In order for Nagios to understand and translate that information we need to translate the info in numbers. To do this we can run snmptranslate, here how you run it.
snmptranslate -On IF-MIB::ifHCOutOctets.1
The output of the result should look like this:
.1.3.6.1.2.1.31.1.1.1.10.1
Go to /etc/nagios-plugins/config, edit the snmp.cfg file and add these lines.
# 'check_snmp' command definition
define command{
command_name check_snmp
command_line /usr/lib/nagios/plugins/check_snmp -H '$ARG1$' -o '$ARG2$' -w '$ARG3$' --rate -c '$ARG4$' -C '$ARG5$'
}
Go to /etc/nagios3/conf.d/ , edit the localhost_nagios2.cfg file and add these lines.
# Define a service rule to monitor the bandwidth
define service{
use generic-service ; Name of service template to use
host_name localhost
service_description SNMP
check_command check_snmp!10.150.200.83!.1.3.6.1.2.1.2.2.1.10.2!9834375!11801250!public
}
After all the changes have been made, restart Nagios by issuing this command
service nagios3 restart
Domain Authentication
Enable authnz_ldap.load module by giving command
a2enmod authnz_ldap
After that do
Service apache2 restart
Edit Nagios web configuration file nagios.conf
The location of the web config file is: /etc/apache2/conf.d/nagios.conf
<DirectoryMatch (/usr/share/nagios3/htdocs|/usr/lib/cgi-bin/nagios3|/etc/nagios3/stylesheets)>
Options FollowSymLinks
DirectoryIndex index.php index.html
AllowOverride AuthConfig
Order Allow,Deny
Allow From All
#AuthName "Nagios Access"
#AuthType Basic
#AuthUserFile /etc/nagios3/htpasswd.users
# nagios 1.x:
#AuthUserFile /etc/nagios/htpasswd.users
#require valid-user
AuthType Basic
AuthName "Nagios Domain"
AuthBasicProvider ldap
AuthLDAPURL "ldap://localhost:389/cn=Users,dc=patan,dc=t311?sAMAccountName?sub?(objectClass=*)"

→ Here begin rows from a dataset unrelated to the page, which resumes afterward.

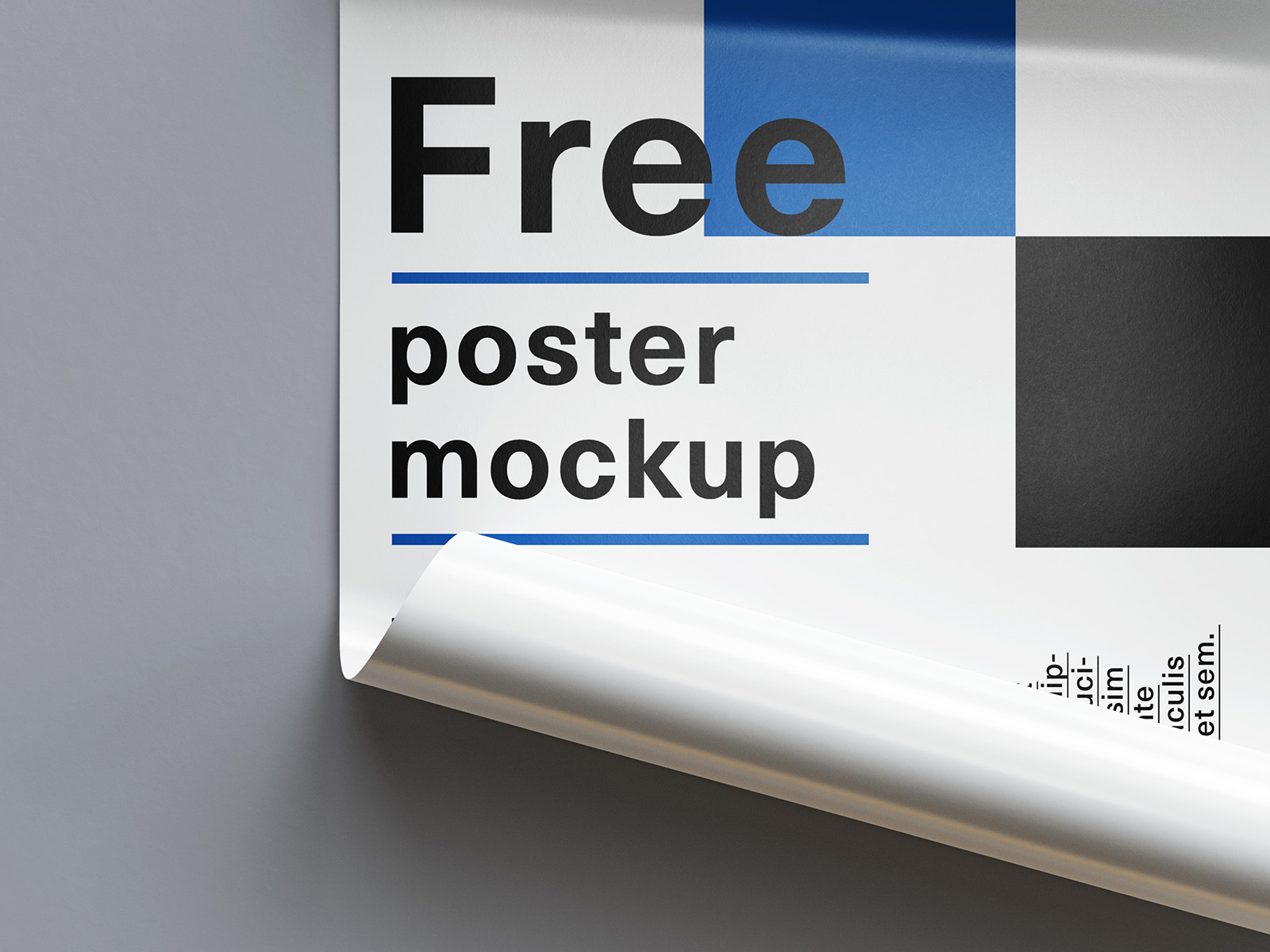 Free rolled poster mockup - Mockups Design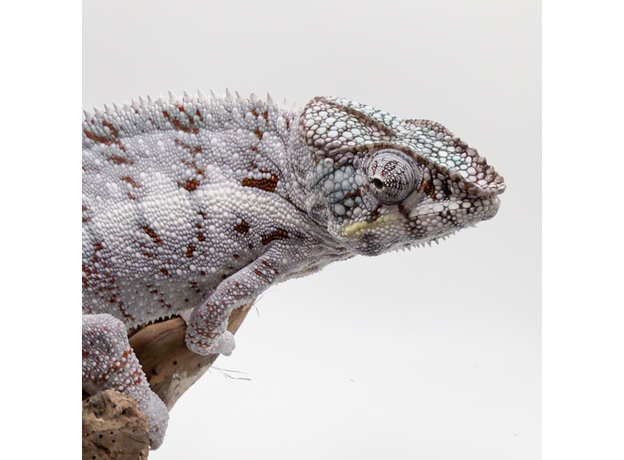 Хамелеон пантеровый самец Nosy Boraha, XL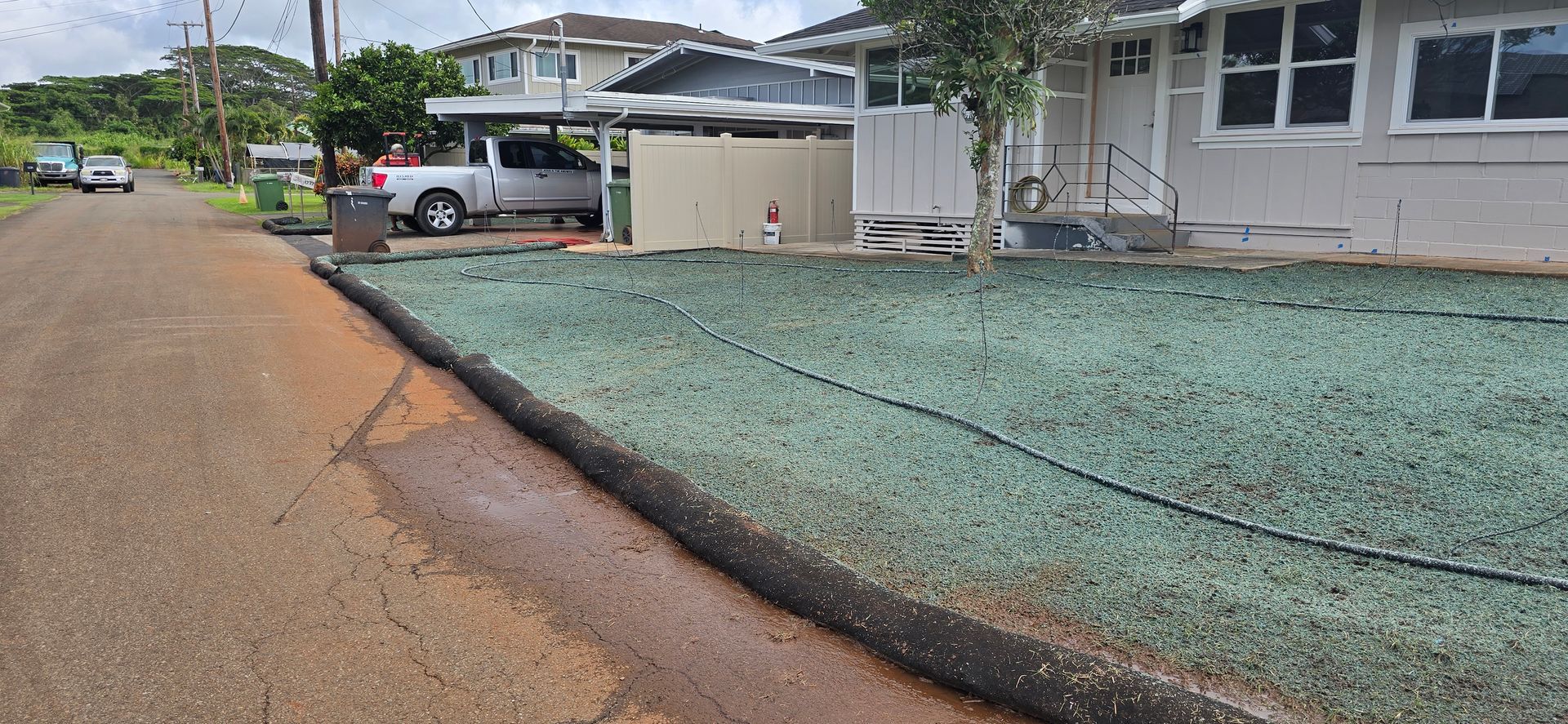 lawn sprayed with hydroseed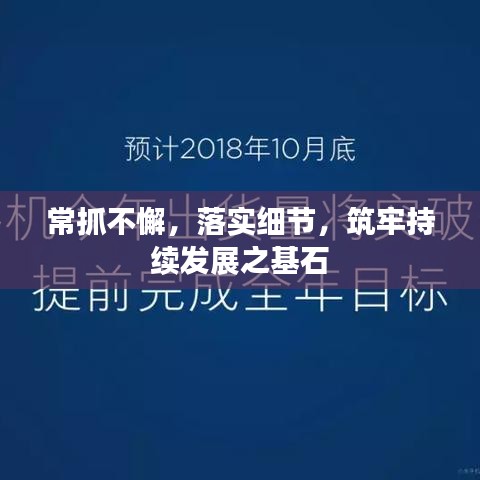 常抓不懈，落实细节，筑牢持续发展之基石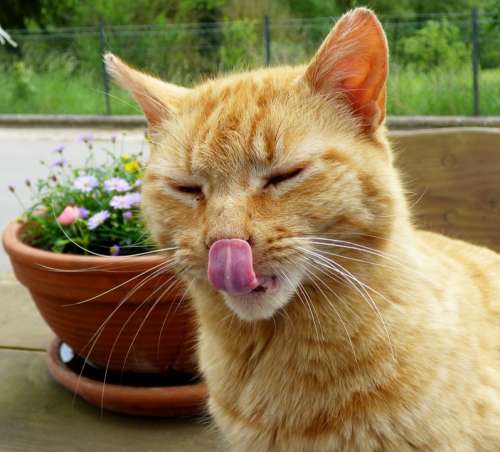 Cat Cats Pet Licking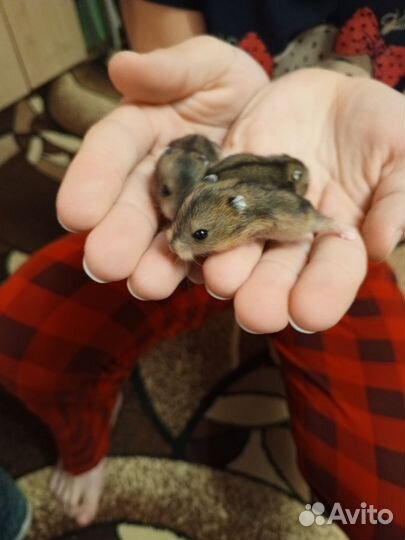 Хомяки маленькие джунгарики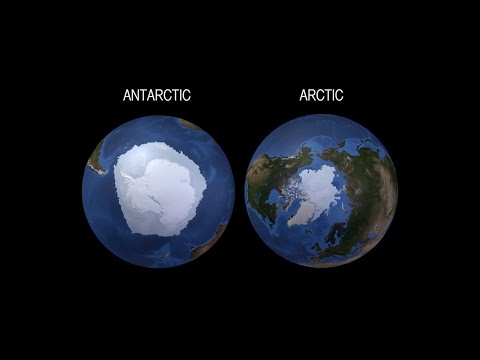 فيديو: ماذا يعني مناخ القطب الشمالي؟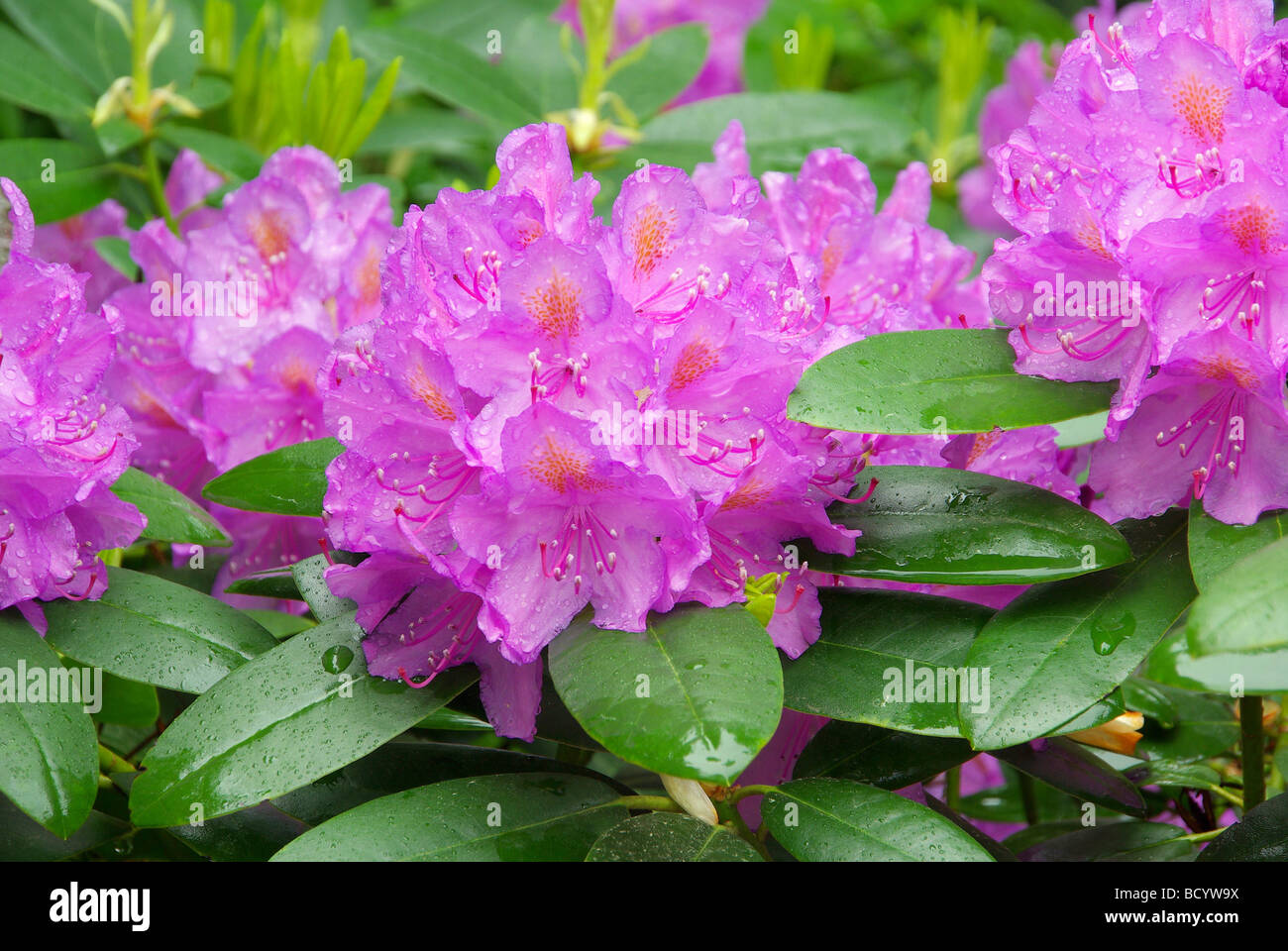 Pink Rhododendrum Pink rhododendron plant hi-res stock photography and images - Alamy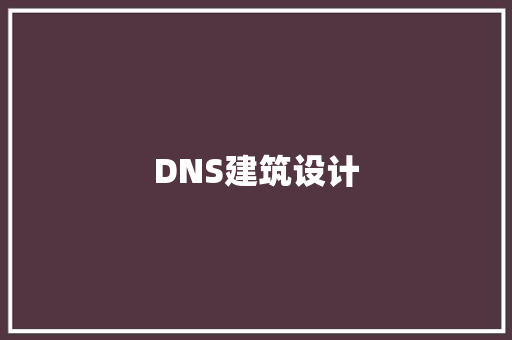 DNS建筑设计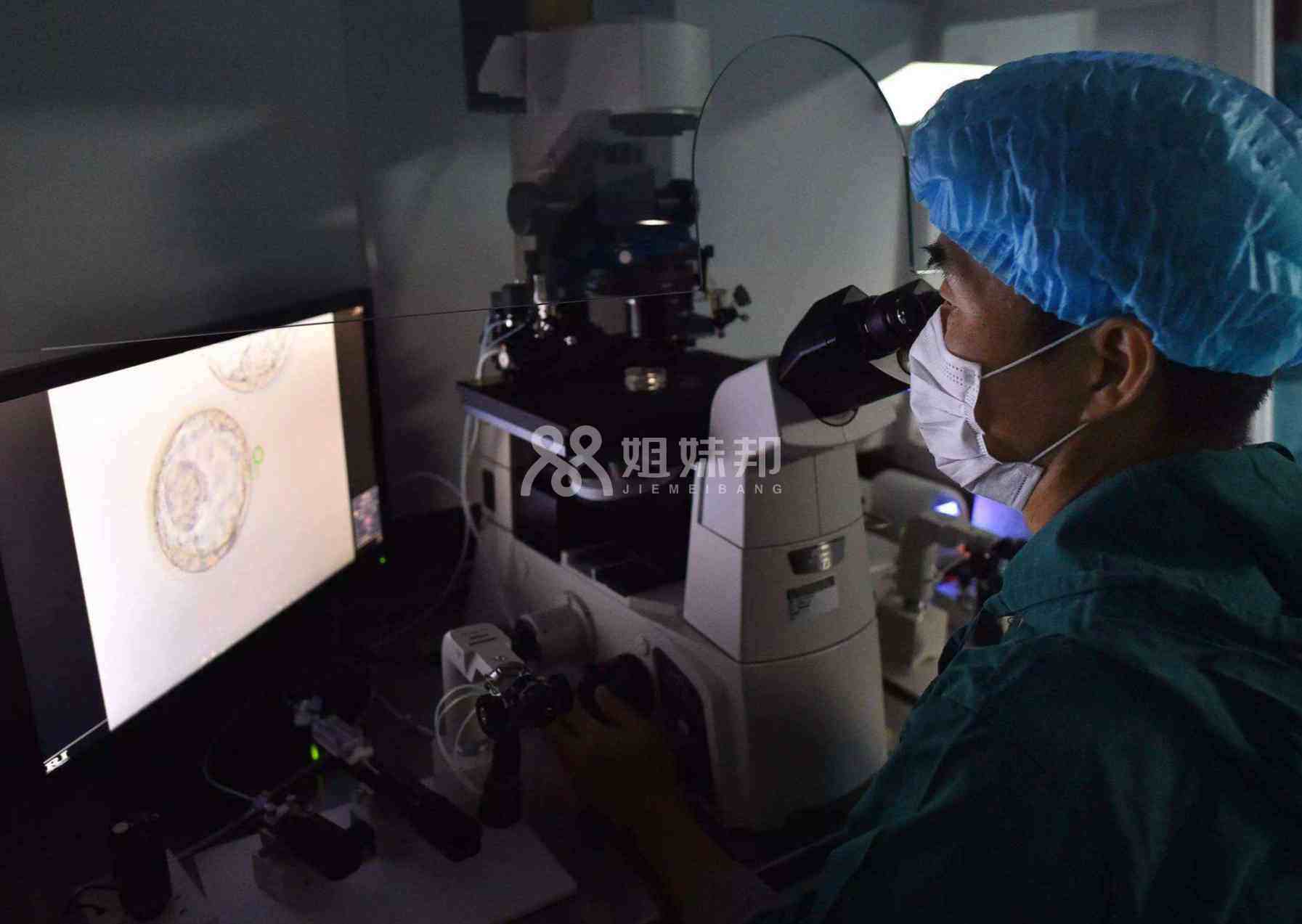 试管成功率受多个因素影响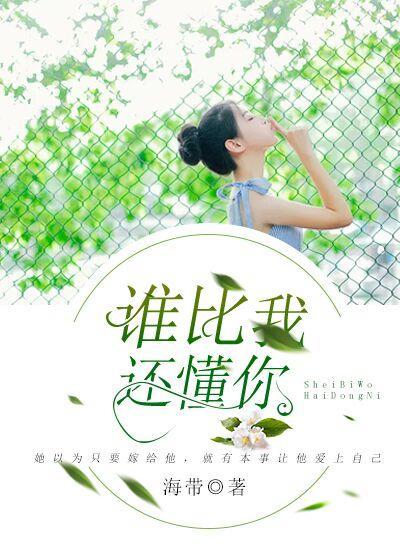 谁比我还懂你封面
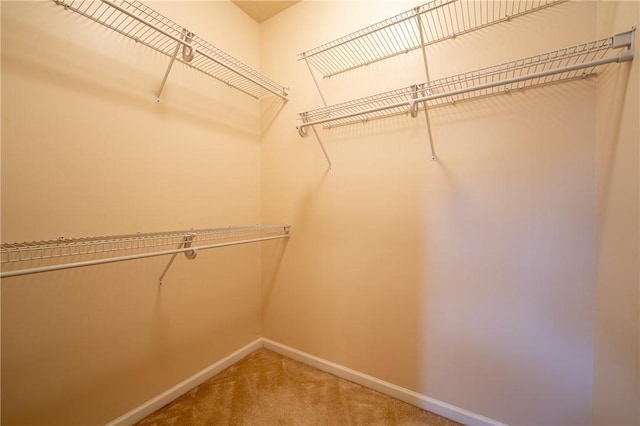 spacious closet with carpet floors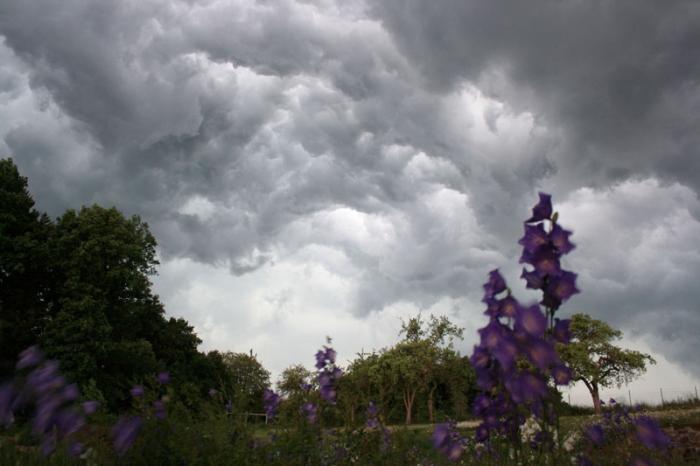 Sommergewitter im Juli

AuthLDAPBindDN "cn=nagios,cn=Users,dc=patan,dc=t311"
AuthLDAPBindPassword PASSW0RD
AuthLDAPGroupAttribute member
AuthLDAPGroupAttributeIsDN on
require ldap-group CN=Administrators,CN=Builtin,DC=patan,DC=t311
</DirectoryMatch>
<Directory /usr/share/nagios3/htdocs>
Options +ExecCGI
</Directory>
Edit cgi authentication file cgi.cfg
nagiosinstallationdir = /etc/nagios/
Run the following two commands:
grep “#” /etc/nagios/cgi.cfg | grep -i “nagiosadmin”
#authorized_for_system_information=nagiosadmin
#authorized_for_configuration_information=nagiosadmin
#authorized_for_system_commands=nagiosadmin
#authorized_for_all_services=nagiosadmin
#authorized_for_all_hosts=nagiosadmin
#authorized_for_all_service_commands=nagiosadmin
#authorized_for_all_host_commands=nagiosadmin
grep “*” /etc/nagios/cgi.cfg | grep -v “*”
authorized_for_system_information=*
authorized_for_configuration_information=*
authorized_for_system_commands=*
authorized_for_all_services=*
authorized_for_all_hosts=*
authorized_for_all_service_commands=*
authorized_for_all_host_commands=*
The commands above will replace “nagiosadmin” with “*” in order to give any LDAP user full functionality of Nagios.
4. Restart apache2 and nagios using the commands:
service apache2 restart
service nagios3 restart
Now the nagios web interface can be logged in using the new LDAP authenticated user from Active Directory.